Search code examples
regexoracle-database

Extracting with regex two conditions of some text


My code doesn't work:

 regexp_substr('Lorem ipsum dolor sit amet. consectetur', '([^(.|()]+)|((.){0,9})')

The text should end with a dot, and if it does not have a dot, then it should have a maximum of 10 characters.
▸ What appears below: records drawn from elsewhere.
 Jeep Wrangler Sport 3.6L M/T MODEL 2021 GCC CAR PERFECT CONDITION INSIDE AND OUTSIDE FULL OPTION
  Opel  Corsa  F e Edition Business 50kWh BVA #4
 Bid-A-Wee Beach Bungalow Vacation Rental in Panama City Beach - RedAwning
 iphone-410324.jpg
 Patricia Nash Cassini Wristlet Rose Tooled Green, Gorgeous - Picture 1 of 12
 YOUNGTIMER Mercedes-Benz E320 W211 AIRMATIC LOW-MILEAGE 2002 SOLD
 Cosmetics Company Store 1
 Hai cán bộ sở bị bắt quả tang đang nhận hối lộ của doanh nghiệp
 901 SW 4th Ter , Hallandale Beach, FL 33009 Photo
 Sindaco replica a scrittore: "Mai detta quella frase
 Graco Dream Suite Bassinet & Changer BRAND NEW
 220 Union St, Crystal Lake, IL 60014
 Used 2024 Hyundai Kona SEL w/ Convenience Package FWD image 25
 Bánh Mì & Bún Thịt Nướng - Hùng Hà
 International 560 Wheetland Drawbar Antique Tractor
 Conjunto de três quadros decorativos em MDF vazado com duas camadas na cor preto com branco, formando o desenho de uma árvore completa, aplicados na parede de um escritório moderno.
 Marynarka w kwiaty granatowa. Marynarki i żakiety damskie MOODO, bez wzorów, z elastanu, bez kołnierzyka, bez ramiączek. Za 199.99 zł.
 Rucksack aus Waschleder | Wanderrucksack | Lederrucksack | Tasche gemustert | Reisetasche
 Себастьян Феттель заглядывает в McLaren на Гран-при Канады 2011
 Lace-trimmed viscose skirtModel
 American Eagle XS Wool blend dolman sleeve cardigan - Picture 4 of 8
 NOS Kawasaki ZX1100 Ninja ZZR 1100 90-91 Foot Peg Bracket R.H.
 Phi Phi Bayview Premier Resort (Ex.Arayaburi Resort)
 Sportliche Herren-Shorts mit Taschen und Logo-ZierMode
Is it even possible to do this?

Two examples text:

  1. Lorem ipsum dolor sit amet. consectetur
  2. Donec quis turpis sed sapien ullamcorper viverra sodales a est

This is what it should look like

  1. Lorem ipsum dolor sit amet
  2. Donec quis

Solution

  • You can use a replacing approach here:

    REGEXP_REPLACE('Lorem ipsum dolor sit amet. consectetur',
                          '^([^.]+)\..*|^(.{10}).*',
                          '\1\2') 
    

    See this regex demo.

    Details:

    • ^([^.]+)\..* - if a string has a dot, capture the text before it, and then match the dot with the rest of the string:
      • ^ - start of string
      • ([^.]+) - Group 1 (\1): any one or more chars other than .
      • \. - a dot
      • .* - any zero or more chars as many as possible
    • | - or
    • ^(.{10}).* - match and capture (into Group 2) the 10 chars ((.{10})) at the beginning of the string (^), then match the rest of the string.

    The replacement is two backreferences to the captured values.